(MCT) – Patrick Sharp has been a man on the move during a whirlwind offseason.
The Blackhawks forward recently returned from the World Championship in Finland and is settling into a new home in Chicago. On Thursday, Sharp took time to visit schoolchildren as a reward for their volunteering efforts for Goodwill Stores.
While Sharp has been busy, as one of the Hawks’ leaders he has kept an eye on the team’s activity since its first-round postseason exit at the hands of the Coyotes. That includes teammate Patrick Kane’s all-too-public adventures during a wild weekend in Madison, Wis., the firing of assistant coach Mike Haviland and contract extensions for defenseman Johnny Oduya and forward Jamal Mayers.
Before visiting classrooms to mingle with students and sign autographs at St. Louise de Marillac School in LaGrange Park, Sharp discussed those issues as well as his health and reflected on the retirement of longtime opponent Nicklas Lidstrom, who retired Thursday after 20 seasons.
On Kane, who was photographed while apparently intoxicated during a block party last month in Madison:
“(Kane) lives a pretty famous lifestyle.
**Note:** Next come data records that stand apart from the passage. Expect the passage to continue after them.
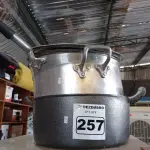 LOTE 257 - 02 PANELAS GRANDES 40CM COM TAMPA E 01 FRIGIDEIRA GRANDE 40CM COM TAMPA. (NO ESTADO) ATENÇÃO! FAZER A VISITAÇÃO ANTES DE ARREMATAR, NÃO SABEMOS SE FUNCIONA. LEILÃO NÃO TEM GARANTIA E NEM DEVOLUÇÃO, SUJEITO A POSSÍVEIS AVARIAS VISÍVEIS/OCULTAS E/OU AUSÊNCIA DE COMPONENTES.
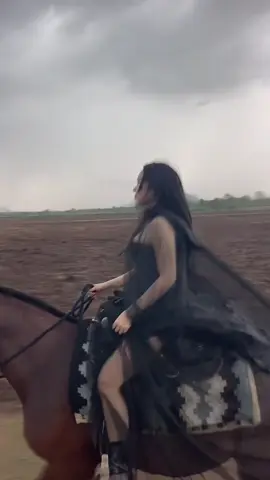#fyp  🐎@เอก ไรเดอร์ #ฟาร์มม้าเชาวณัฏ  ⛰️ #cowgirl 🤠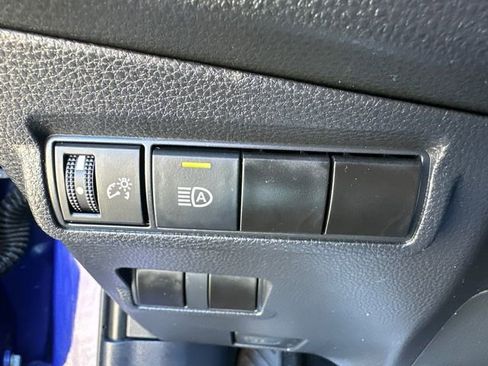 Used 2023 Toyota Corolla Cross LE w/ Moonroof Package AWD/4WD image 31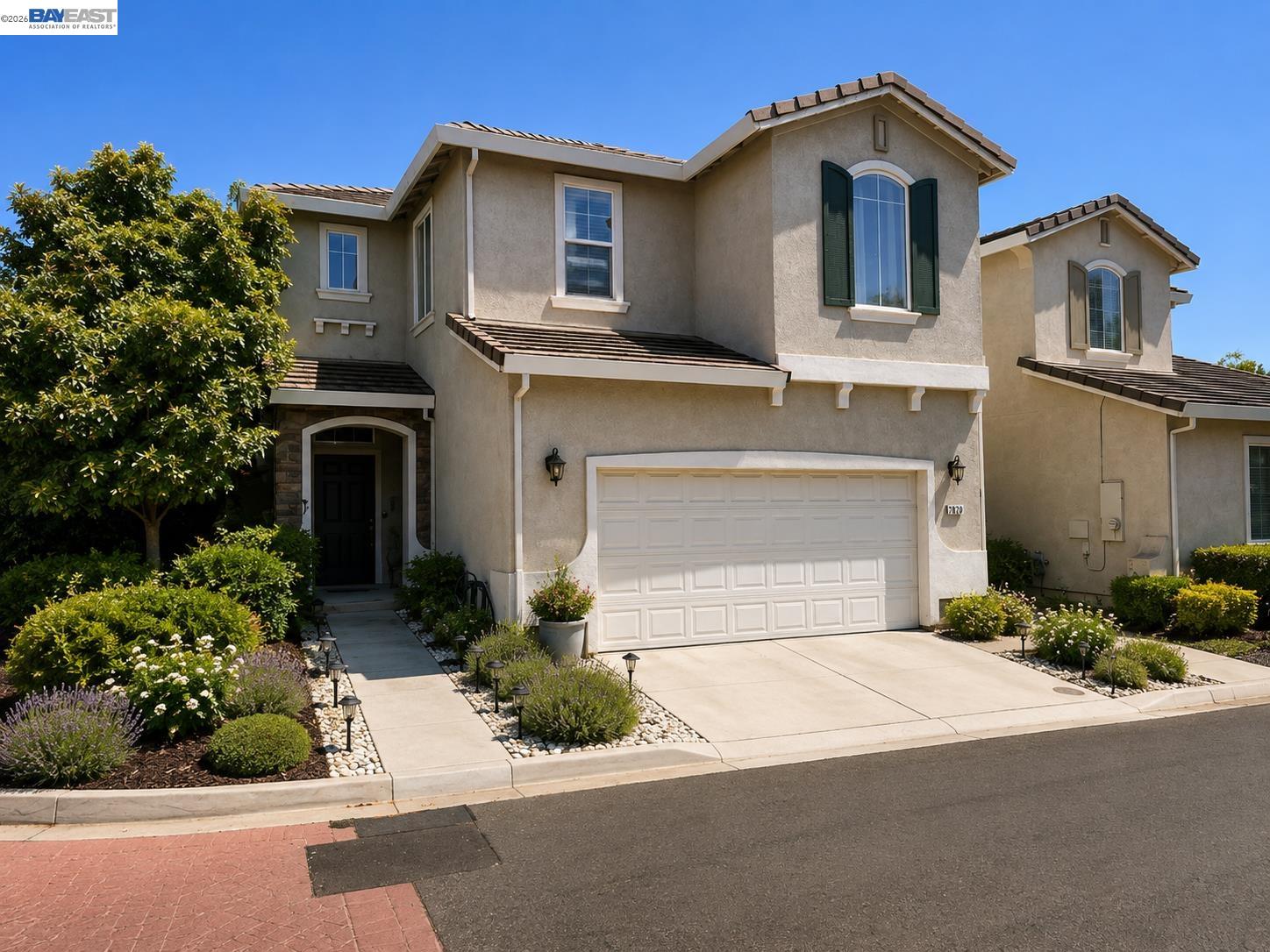 2359 Bayless Way — photo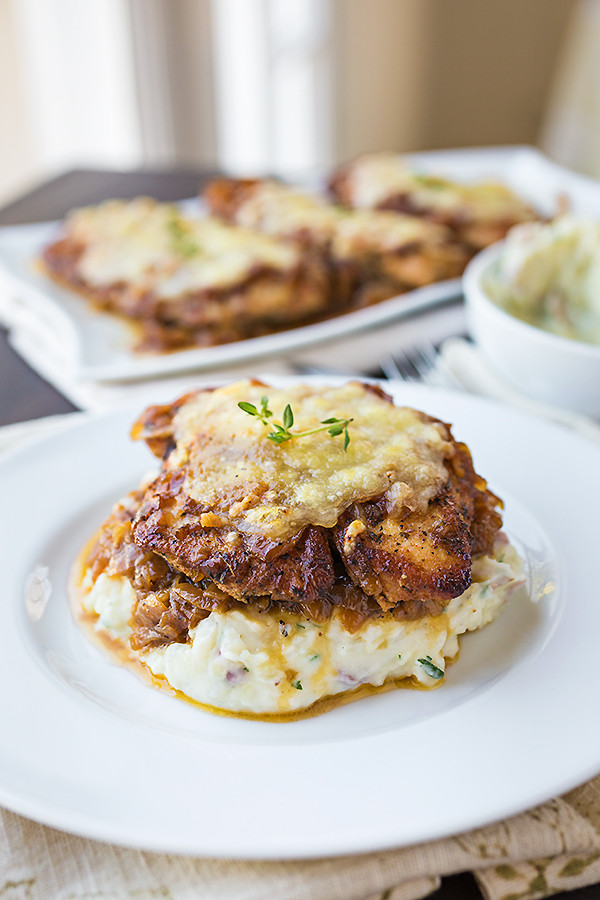 French Onion Chicken Skillet
 French ion Skillet Chicken Smothered in All Kinds of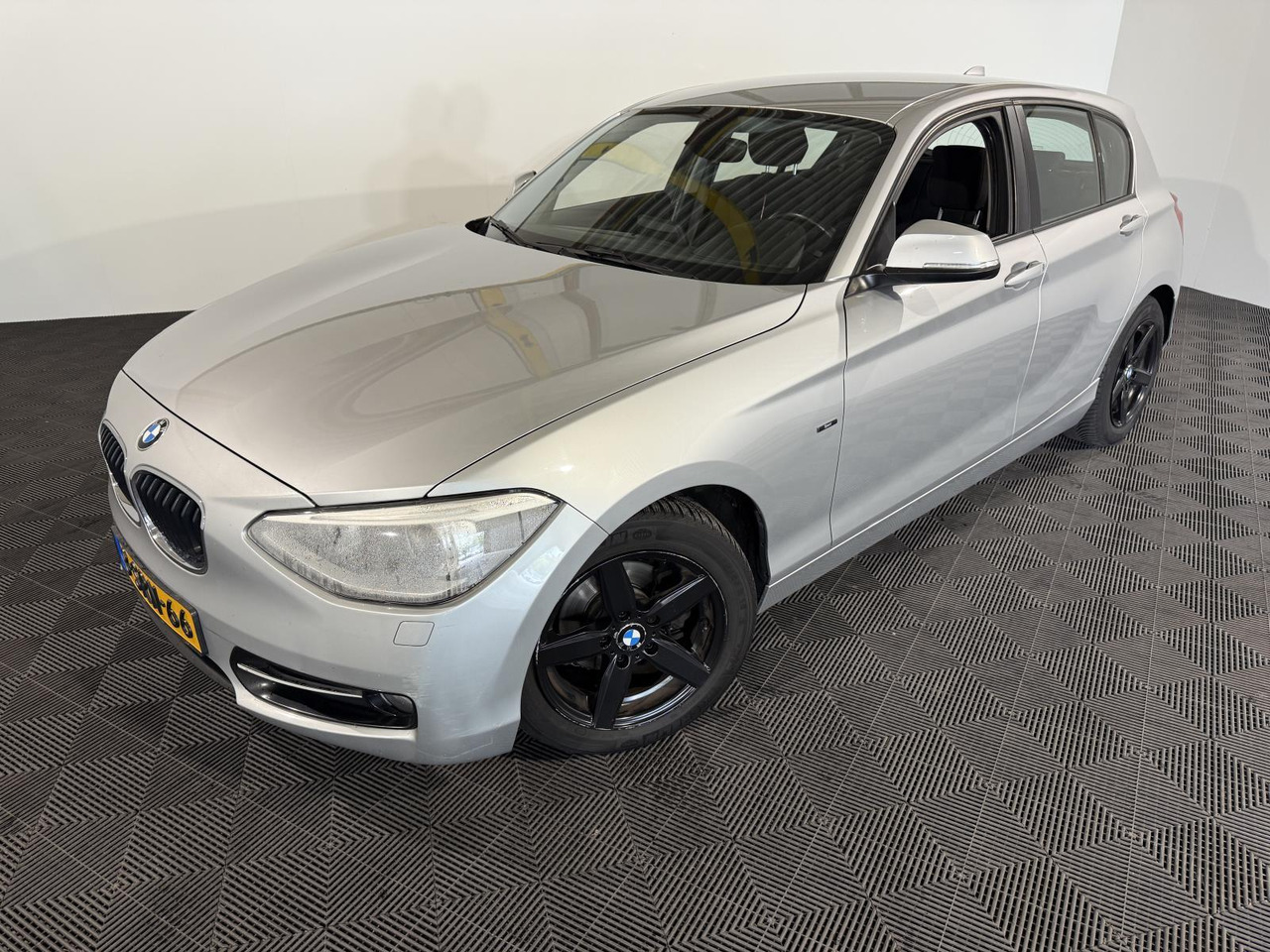 BMW 1-serie 116i EDE Executive 2013 231.112 km 3-SRN-66 - Hatchback: picture 1 BMW 1-serie 116i EDE Executive 2013 231.112 km 3-SRN-66 - Hatchback: picture 1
Everyone can recognize him wherever he goes, and he’s in the public eye quite a bit. He’s my friend, he’s my teammate, I love the guy and I’m going to be behind him no matter what happens. He’s the same great kid that he’s always been.
“We talk all the time about what it is to be a professional and how to carry yourself, and a guy like Kaner, he knows that. It’s just he finds himself getting his picture taken because of who he is. There’s nothing that I’m going to say to him that is going to help him. He’s a kid with a good head on his shoulders, and I’m not worried about him at all. It’s a different way to live your life. But for the amount of success that he’s had at such a young age, he’s handled it pretty good.
“I don’t think that people’s off-ice things can distract (from) what happens inside a locker room. You’ve got to remember that your teammates are your family, and that’s the biggest thing.”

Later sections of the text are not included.